Beliau sosok yang komplit, kerja profesional, bisa olahraga, bisa menyanyi dan dai pula. Dan hebatnya lagi walau beliau lebih senior, baik dari sisi usia dan pangkat tapi dalam memimpin perusahaan sangat ngemong saya. Selalu back up apapun yang saya jalankan,’’ ungkap JDP yang kemarin mengingatkan seluruh karyawan bahwa 15 Februari adalah ulang tahun almarhum.

          Untuk hal-hal detail begini, Pak Pur memang ahlinya. Saat yang lain lupa atau terlewat, di mata Pak Pur tak ada yang bisa lewat. Selalu diingat momen momen penting untuk membangun soliditas keluarga besar Malang Posco Media. Tulisan ini pun termasuk saran dan arahan beliau untuk mengenang perjuangan almarhum.

          Karena itulah, Pak Pur tak akan pernah melupakan jasa dan kerja keras alm membangun Malang Post, hingga 100 persen karyawan resign masal dan mendirikan New Malang Pos pada 4 Juli 2020 dan per 2 Februari 2022 berubah nama menjadi Malang Posco Media. Yang ada di benak Pak Pur adalah sosok almarhum, yang sudah menemaninya mulai dari awal sampai pada titik sekarang ini.

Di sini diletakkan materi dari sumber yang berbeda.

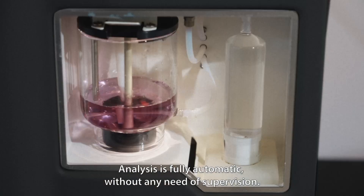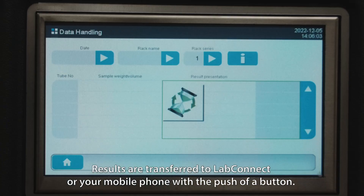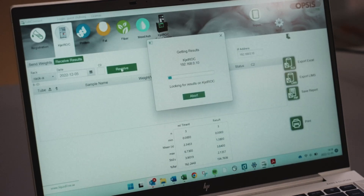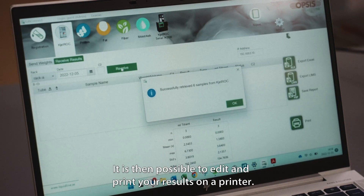Analysis is fully automatic without any need of supervision. Results are transferred to LabConnect or your mobile phone with the push of a button. It is then possible to edit and print your results on a printer.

          Bu Nun, yang mengetahui New Malang Pos berubah nama menjadi Malang Posco Media pun awalnya sempat bertanya. Kenapa berubah nama? Setelah dijelaskan Bu Nun yang juga biasa dipanggil Bu Cicik di kampus, kemudian mengaku senang. ‘’Andai Pak Nun (alm) masih hidup pasti senang. Malang Posco Media ini bisa jadi kado ultah almarhum,’’ kata Bu Nun singkat.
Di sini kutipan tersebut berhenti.